Rééchantillonnage de l’échelle dans les algorithmes MCMC pour les problèmes inverses bilinéaires* - Scale Resampling within MCMC Algorithms for Bilinear Inverse Problems

Rééchantillonnage de l’échelle dans les algorithmes MCMC pour les problèmes inverses bilinéaires*

Scale Resampling within MCMC Algorithms for Bilinear Inverse Problems

Thomas Veit Jérôme Idier  Saïd Moussaoui 

Équipe Perception, LIVIC, bâtiment 824 – 14, route de la Minière, 78000 Versailles

IRCCyN (UMR CNRS 6597), BP 92101 – Équipe ADTSI 1 rue de la Noë – 44321 Nantes Cedex 3, France

Corresponding Author Email: 
thomas.veit@inrets.fr
Page: 
329-343
|
Received: 
22 April 2008
| |
Accepted: 
N/A
| | Citation

OPEN ACCESS

Abstract: 

Introduction

This work focuses on the Markov chain Monte Carlo (MCMC) algorithms involved in the resolution of bilinear inverse problems. This kind of problem is written z = x * h + noise, where z stands for the observations and x and h stand for the unknown quantities (matrices or vectors) to be estimated. Symbol * refers to any bilinear operator, for example a convolution or a matrix product. Source separation [11, 2] and blind deconvolution [3] are among the most important instances of bilinear inverse problems in the signal processing field.

Bilinear inverse problems are characterized by an intrinsic scale ambiguity: namely, if (x,h) is a solution then for all scalar s =/ 0, (s × x,h/s) is also a solution.

Bayesian framework and MCMC

The Bayesian framework introduces statistical information for solving under-constrained problems. Prior distributions are assigned to the unknowns. The problem modeled in this way is written Z = X * H + B where the capital letters stand for random variables. A usual Bayesian estimator of the unknown quantities x and h is the posterior expectation Eq.(3). Let us emphasize that the choice of the prior distribution in the Bayesian framework raises the scale ambiguity on the unknowns, at least if only proper priors are considered, which will be the case here.

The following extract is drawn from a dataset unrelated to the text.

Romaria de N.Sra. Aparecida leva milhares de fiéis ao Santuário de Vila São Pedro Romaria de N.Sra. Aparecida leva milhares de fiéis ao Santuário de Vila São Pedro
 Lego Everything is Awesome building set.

In the usual case where the posterior distribution are not explicitly available, MCMC algorithms are well adapted to yield random realizations x(t) and to compute the estimate as empirical averages.

In the bilinear case, an appealing choice to perform the sampling step is to rely on a Gibbs sampler. The two main steps are then the alternate sampling of x and h according to their conditional posterior distributions fX|H,Z,Θ(x|h,z,θ) and fH|X,Z,Θ(h|x,z,θ), respectively.

Bad mixing properties and existing solutions

In practice, a slow convergence of the Markov chain produced by the Gibbs sampler is observed. Successive sample are highly correlated. More precisely, the scale evolves slowly. To correct this behavior, two types of solutions have been proposed up to now, but none of them are satisfying, at least from a theoretical point of view. The first approach consists in estimating the unknown quantities from Markov chains (produced by Algorithm1) that have not converged yet toward their stationary distribution. This implies that only quantities normalised with respect to scale are considered. One can reasonably expect that the convergence remains fast enough but the decoupling of scale and shape remains hypothetical. The second strategy (Algorithm2) consists of introducing an arbitrary scaling which is in general incompatible with the prior distributions on the unknown variables. Moreover, this scaling strategy modifies the target distribution. The proposed solution rather introduces a rescaling step within the Gibbs sampler in agreement with the prior distributions. One attractive feature of this approach compared to the others is that it is theoretically sound.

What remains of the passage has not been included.